[[ Provided data open ]]

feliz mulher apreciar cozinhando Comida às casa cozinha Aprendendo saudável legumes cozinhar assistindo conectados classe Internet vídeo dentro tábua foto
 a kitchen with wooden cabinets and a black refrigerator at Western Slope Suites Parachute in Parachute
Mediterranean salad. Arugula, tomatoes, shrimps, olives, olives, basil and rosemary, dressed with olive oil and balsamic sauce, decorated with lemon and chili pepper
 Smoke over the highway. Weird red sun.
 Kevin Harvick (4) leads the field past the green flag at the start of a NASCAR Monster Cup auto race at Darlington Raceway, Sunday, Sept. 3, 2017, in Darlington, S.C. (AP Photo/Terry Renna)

[[ Provided data closed ]]

### Task prompt
An exact copy of the lines from the one with "Smoke over the highway. Weird red sun." to the final line of the entries is all that the answer should hold.

### Task answer
 Smoke over the highway. Weird red sun.
 Kevin Harvick (4) leads the field past the green flag at the start of a NASCAR Monster Cup auto race at Darlington Raceway, Sunday, Sept. 3, 2017, in Darlington, S.C. (AP Photo/Terry Renna)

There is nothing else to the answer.